A look at the history of wheat at Cereals
One of the most attractive and interesting stands at the Cereals event in the UK this year had to be RAGT’s display on the history of wheat.
While there might have been plenty of big machines on display and tyres to kick, for the hardcore tillage fans this was a must see at the event.
The company was celebrating its 100th anniversary and had a collection of historic wheat varieties on display. RAGT started out as a regional co-operative in the south of France and is now one of the leading plant breeders in Europe.
At present, farmers here in Ireland will be very familiar with one of the company’s spring barley varieties – RGT Planet.
On the stand RAGT had wheat varieties dating back to 1842 – Red Fife. Visitors to the stand were able to see how varieties had evolved over the years from those with a tall, leafy stem to the neat and tidy varieties that we are used to looking at today.
The oldest variety on the stand was Red Fife. It was bred in 1842 in Ontario, Canada. Its name came from the colour of the wheat grain and the name of the farmers where it was first grown.
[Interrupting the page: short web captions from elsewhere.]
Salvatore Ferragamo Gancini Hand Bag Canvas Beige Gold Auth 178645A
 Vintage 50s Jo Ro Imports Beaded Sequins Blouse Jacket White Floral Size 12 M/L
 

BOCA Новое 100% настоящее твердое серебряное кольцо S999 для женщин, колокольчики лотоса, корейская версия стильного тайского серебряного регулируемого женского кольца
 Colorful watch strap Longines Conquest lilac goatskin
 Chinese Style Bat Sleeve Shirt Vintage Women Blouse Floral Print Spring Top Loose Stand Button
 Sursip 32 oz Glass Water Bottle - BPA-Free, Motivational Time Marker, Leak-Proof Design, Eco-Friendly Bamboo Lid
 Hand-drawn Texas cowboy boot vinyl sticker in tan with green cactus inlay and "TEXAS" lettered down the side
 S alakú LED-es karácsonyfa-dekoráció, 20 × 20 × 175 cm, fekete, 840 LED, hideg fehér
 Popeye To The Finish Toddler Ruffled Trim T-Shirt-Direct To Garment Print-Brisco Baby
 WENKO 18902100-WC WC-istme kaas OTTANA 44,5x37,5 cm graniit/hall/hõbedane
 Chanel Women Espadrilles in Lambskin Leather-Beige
Red Fife was a red wheat grown on Fife’s farm in Peterborough, Ontario, Canada.
Some other famous varieties on the list included: Squareheads Master; Yeoman; Capelle Desprez; Wigeon; and Maris Huntsman.
Away from the older varieties the plots also contained some of the more recent reliables like JB Diego and Oakley, right up to some present day varieties in the UK such as RGT Skyfall and this year’s new RGT wheat variety – RGT Saki.